Как всегда, во время разлуки их любовь к друг другу усиливалась. Когда Лёвочка был в Петербурге, хлопотал по издательским делам, а после этого навестил тещу, проживавшую теперь в усадьбе Утешенье в Новгородской губернии, он умолял жену, чтобы она непременно спала днем и не мучила себя учебой детей. Соня часто страдала из?за зубной боли и «личных» болей, отчего голова у нее «ошалевала», она не могла спать ни минуты. Вскоре поняла, что это вызвано новой беременностью.
Она не хотела этой беременности, сопротивлялась, как могла: «часов семь кричала, каталась, вся помертвела и всех напугала». Лёвочка испугался, что Соня умрет, и «возвратил» ей свою любовь. После рождения девятого ребенка и трех выкидышей, совершенно измученная, она больше не могла думать о родах, протестовала как могла. Но муж был убежден: беременность — это от Бога, Соня должна быть женой — матерью, а не женой — любовницей. А она считала, что он заботился не о ней, а исключительно о продолжении себя в собственных детях. Она же была только средством этой цели, то есть «удовлетворением, нянькой, привычной мебелью».

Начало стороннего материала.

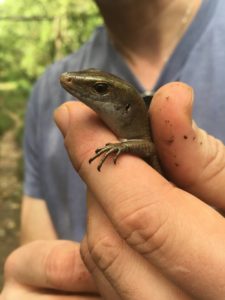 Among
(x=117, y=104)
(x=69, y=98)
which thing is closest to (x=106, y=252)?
(x=117, y=104)

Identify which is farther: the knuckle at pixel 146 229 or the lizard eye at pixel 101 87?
the lizard eye at pixel 101 87

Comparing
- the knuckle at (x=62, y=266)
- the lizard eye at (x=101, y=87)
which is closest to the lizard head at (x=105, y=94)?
the lizard eye at (x=101, y=87)

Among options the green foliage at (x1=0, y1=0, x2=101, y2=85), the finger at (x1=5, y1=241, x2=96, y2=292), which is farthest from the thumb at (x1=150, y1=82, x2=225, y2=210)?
the green foliage at (x1=0, y1=0, x2=101, y2=85)

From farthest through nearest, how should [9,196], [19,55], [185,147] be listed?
1. [19,55]
2. [9,196]
3. [185,147]

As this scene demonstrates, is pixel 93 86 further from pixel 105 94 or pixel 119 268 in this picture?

Тем не менее Соня снова подчинилась мужу, опять забеременела и зажила, как говорил Лёвочка, «по — Божески». Но после этого что?то пошло «не так» в их отношениях. Было «холодно и далеко». В это время Соня похудела, постарела, осунулась. Она чувствовала себя одинокой и нуждалась в его нежности, но получала ее не от него, а от детей, особенно от Тани, ставшей ее настоящей помощницей. Таня ухаживала за братьями- малышами, занималась с ними, играла в куклы, гуляла и рисовала. Сама же в это время думала о гимназисте, который при виде ее воскликнул: «Jolie fille!» (красивая девочка. —
20 декабря 1879 года Соня благополучно родила здорового малыша Мишу. Она кормила его грудью, хорошо усвоив заповедь мужа, что ребенок будет не вполне ее, «если вырос, развился и воспитался в свой первый, самый важный год на молоке чужой женщины». Тем временем завершились экзамены у старших детей, наступили «вакансии» (каникулы. —
Сама же Соня в период кормления грудью обязательно читала какой?нибудь английский роман. Таким образом, выкормив девятерых детей, перечитав уйму английских книг, она лучше изучила язык. Лёвочка же после завершения романа «Анна Каренина» постоянно штудировал Символ веры, Иоанна Дамаскина, Библию, книги по догматике церковного учения, совершенно забросив свои художественные сочинения, обозвав их «пустяками», не вкушал соблазна денежного вознаграждения, избегал рукоплесканий за свой «ничтожный» труд, «измарал» много бумаги, изучая богословие. Теперь он засыпал в своем кабинете под портретом Артура Шопенгауэра. А Соня в это время смотрела на мужа со страхом, предполагая в нем «странную» болезнь, просила Бога, чтобы она быстрее прошла. Лёвочка все осуждал, за все страдал и переносил весь гнев на жену и детей, а еще на тех, кто богат и счастлив. Среди писателей ходили слухи, запущенные Григоровичем, поддержанные Катковым, что Лев Николаевич «помешался».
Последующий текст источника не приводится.